It's amazing how you end up spending hours on a secondary problem when you start investigating a completely different one.
I set out in pursue of an allegedly trivial problem with an apex page this morning and I found myself sucked into a vortex of high CPU usage caused by one of the oldest built-in apex reports.
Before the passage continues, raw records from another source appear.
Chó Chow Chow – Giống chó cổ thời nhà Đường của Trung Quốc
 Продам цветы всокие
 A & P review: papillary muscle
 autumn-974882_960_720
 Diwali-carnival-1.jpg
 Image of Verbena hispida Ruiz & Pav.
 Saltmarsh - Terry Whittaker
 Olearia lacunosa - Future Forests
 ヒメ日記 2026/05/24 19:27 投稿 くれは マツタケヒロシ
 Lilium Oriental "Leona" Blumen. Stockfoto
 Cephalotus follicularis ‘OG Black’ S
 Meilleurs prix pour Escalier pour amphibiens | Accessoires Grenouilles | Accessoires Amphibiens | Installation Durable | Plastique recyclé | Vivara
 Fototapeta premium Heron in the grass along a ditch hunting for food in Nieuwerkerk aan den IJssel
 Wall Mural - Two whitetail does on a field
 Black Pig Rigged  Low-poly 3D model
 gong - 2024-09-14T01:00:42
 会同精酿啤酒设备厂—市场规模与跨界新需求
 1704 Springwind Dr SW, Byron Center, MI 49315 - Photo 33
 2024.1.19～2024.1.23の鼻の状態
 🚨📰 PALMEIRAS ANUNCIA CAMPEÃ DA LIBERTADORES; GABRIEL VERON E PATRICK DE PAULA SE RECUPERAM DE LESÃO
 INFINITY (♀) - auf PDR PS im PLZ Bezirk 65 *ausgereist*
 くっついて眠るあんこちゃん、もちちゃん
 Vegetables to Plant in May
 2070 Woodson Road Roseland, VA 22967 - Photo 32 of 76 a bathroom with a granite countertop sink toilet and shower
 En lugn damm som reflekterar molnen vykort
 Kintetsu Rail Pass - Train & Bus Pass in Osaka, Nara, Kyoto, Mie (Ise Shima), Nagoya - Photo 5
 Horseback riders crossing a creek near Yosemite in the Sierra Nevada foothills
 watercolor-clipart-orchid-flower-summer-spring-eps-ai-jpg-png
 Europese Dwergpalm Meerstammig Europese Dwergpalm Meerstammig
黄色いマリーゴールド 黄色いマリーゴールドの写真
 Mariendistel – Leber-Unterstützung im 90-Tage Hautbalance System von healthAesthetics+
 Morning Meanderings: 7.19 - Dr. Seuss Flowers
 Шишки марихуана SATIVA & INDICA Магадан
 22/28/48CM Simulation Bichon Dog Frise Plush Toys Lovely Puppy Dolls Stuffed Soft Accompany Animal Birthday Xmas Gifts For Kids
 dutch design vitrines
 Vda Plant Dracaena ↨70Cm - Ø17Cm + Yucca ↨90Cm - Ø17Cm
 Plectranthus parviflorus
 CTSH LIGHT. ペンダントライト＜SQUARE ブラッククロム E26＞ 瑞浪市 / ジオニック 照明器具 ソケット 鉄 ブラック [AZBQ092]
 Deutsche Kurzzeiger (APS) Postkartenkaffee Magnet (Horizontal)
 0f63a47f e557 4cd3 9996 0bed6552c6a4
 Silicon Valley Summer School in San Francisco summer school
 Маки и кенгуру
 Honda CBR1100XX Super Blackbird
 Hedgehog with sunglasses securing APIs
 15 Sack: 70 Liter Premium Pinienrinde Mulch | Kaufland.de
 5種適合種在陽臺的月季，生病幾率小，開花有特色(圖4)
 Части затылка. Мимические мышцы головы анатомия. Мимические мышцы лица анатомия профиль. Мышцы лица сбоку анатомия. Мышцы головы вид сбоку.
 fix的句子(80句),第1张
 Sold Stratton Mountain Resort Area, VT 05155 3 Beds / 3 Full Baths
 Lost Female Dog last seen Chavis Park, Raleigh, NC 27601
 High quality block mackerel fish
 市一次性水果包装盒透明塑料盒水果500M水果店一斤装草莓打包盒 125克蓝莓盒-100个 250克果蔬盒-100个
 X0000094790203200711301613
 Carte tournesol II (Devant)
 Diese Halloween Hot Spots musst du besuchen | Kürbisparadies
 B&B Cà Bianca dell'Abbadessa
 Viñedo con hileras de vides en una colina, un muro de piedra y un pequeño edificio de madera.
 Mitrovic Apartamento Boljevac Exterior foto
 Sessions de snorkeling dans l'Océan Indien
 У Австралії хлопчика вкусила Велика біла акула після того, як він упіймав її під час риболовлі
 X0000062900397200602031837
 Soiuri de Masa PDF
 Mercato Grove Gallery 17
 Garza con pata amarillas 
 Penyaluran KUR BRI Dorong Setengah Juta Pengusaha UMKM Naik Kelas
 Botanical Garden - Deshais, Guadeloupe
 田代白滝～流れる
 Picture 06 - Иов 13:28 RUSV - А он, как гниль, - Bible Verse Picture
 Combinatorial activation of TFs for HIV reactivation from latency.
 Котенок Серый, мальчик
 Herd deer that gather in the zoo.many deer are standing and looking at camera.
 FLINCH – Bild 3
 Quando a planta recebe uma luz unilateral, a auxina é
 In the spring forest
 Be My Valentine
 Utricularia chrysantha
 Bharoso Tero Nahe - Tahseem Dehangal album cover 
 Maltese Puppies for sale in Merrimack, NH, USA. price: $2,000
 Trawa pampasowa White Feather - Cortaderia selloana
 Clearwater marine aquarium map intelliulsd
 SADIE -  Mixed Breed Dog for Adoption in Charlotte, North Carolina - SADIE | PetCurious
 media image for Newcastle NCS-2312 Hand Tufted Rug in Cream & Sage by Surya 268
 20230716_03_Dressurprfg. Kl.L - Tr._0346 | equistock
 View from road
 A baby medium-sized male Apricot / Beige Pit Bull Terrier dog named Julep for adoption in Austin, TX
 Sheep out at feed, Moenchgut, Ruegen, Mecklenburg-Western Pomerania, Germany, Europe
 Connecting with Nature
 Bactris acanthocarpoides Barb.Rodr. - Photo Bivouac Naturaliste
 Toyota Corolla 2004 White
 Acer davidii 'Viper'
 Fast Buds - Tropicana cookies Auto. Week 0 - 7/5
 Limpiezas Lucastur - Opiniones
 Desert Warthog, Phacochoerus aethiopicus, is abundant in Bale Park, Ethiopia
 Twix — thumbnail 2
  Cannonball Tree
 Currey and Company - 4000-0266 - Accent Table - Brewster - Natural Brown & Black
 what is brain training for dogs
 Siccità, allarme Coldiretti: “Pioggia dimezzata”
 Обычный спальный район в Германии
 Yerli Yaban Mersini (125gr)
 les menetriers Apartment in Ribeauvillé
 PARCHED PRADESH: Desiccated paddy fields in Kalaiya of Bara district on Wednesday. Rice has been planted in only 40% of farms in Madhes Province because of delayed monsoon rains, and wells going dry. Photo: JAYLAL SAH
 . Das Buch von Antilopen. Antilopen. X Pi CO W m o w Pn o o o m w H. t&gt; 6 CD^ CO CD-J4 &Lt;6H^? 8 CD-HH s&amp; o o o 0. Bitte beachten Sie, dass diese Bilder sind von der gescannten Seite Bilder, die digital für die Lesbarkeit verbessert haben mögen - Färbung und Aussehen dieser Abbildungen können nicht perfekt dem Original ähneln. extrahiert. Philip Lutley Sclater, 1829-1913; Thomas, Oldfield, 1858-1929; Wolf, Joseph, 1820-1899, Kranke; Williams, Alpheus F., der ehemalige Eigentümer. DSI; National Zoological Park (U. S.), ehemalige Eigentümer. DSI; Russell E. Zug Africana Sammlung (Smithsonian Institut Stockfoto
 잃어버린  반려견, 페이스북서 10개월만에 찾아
I wanted to inspect the session state values of the failing page and this has always been simply a matter of opening the Active sessions apex report, look up the right session id and drill down to item values, however when I opened page 7 of application 4350 (Active Sessions report) the CPU of my virtual server was skyrocketing. This phenomenon was duly recorded by Amazon EC2's instance monitoring chart as shown below.
a CPU spike occurs when opening the Active Sessions report |
However it turned out this time the problem was not one of that kind.
So, after confirming that the problem was with this specific page while the rest of my applications were running normally, the next task was to identify which SQL statement was consuming all this CPU.
I ran a SQLDeveloper built-in report showing the top SQL by CPU and the following query turned out to be one of the most time consuming:
select "ID", "SESSION_OWNER", "CREATED_ON", "ITEM_CACHE_COUNT", "IP_ADDRESS", "MOST_RECENT_VIEW", "DISTINCT_APPLICATIONS", count(*) over () as apxws_row_cnt from ( select * from ( select /* APEX4350P7a */ /*+ FIRST_ROWS(21) */ id, session_owner, created_on, item_cache_count, ip_address, (select max(time_stamp) mt from WWV_FLOW_ACTIVITY_LOG l where l.SESSION_ID = s.id) most_recent_view, distinct_applications from ( select "WWV_FLOW_SESSIONS$".ID as "ID", cookie session_owner, created_on, count(*) item_cache_count, count(distinct(flow_id)) distinct_applications, "WWV_FLOW_SESSIONS$".remote_addr ip_address from "WWV_FLOW_DATA" "WWV_FLOW_DATA", "WWV_FLOW_SESSIONS$" "WWV_FLOW_SESSIONS$" where WWV_FLOW_DATA.FLOW_INSTANCE(+)=WWV_FLOW_SESSIONS$.ID and (:P7_OWNER is null or instr(upper(cookie),upper(:P7_OWNER))>0) and security_group_id = :flow_security_group_id group by "WWV_FLOW_SESSIONS$".ID, cookie, created_on, remote_addr ) s ) r ) r where rownum <= to_number(:APXWS_MAX_ROW_CNT) order by "MOST_RECENT_VIEW" DESC,"CREATED_ON" DESC
By examining the explain plan it was clear that for some reason Oracle was executing two FULL TABLE SCANs on WWV_FLOW_ACTIVITY_LOG1$ and WWV_FLOW_ACTIVITY_LOG2$, two tables merged inside the view WWV_FLOW_ACTIVITY_LOG and on these tables there were no indexes on column SESSION_ID.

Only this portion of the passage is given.